I am not really sure if after my Macarons Masterclass I mentioned my homey attempt of recreating these lovely and adorable French pastries. Well, I did and the result wasn’t what I expected. They were flat, footless, chewy… overall, not pretty. I guess my mistake was not mixing the almond flour and egg whites properly, and now that I think about it, they didn’t rest enough as well. Which apparently is a crucial step for the formation of the foot and missing it, didn’t help in achieving the final result. I didn’t take any picture of those embarrassing macarons but I did take a picture of the ones I did couple of weeks ago. They made me proud!

So, what did I do differently? Well, I started with half the ingredients, used my boyfriend to mix part of them (extremely helpful!) and I let them rest properly… I also opened the oven after 4 and 8 minutes so the humidity could escape avoiding unpleasant explosions. Now, they were not all super pretty, but they tasted goooood!

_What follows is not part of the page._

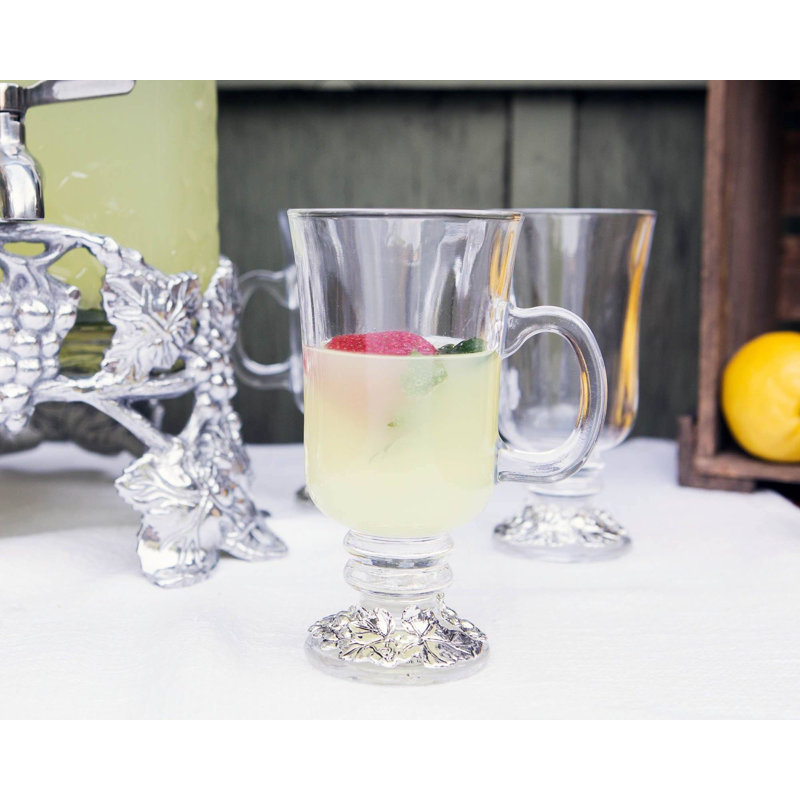 Grape Glass Irish Coffee Mug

Also, keep in mind, as much as it seems to be an impossible task, they do need to rest 3 or 4 days… they taste heaps better!
Here we go with the recipe and the quantities I used, next step is getting crazy with the ganache. Oh, the picture I have taken was soon after they were assembled so the filling doesn’t look as it should. They were a lot more expressive after few days… Enjoy!
For the Macaron Shell
Ingredients Part 1:
300gr TPT (150gr almond meal & 150gr icing sugar)
60gr Egg Whites (they have to be separated from yolks, out of the fridge for more than 3 days. The more you wait, the better!)
Ingredients Part 2:
150gr Caster Sugar
33gr water
60gr Egg Whites
2gr food colouring (you pick the colour!)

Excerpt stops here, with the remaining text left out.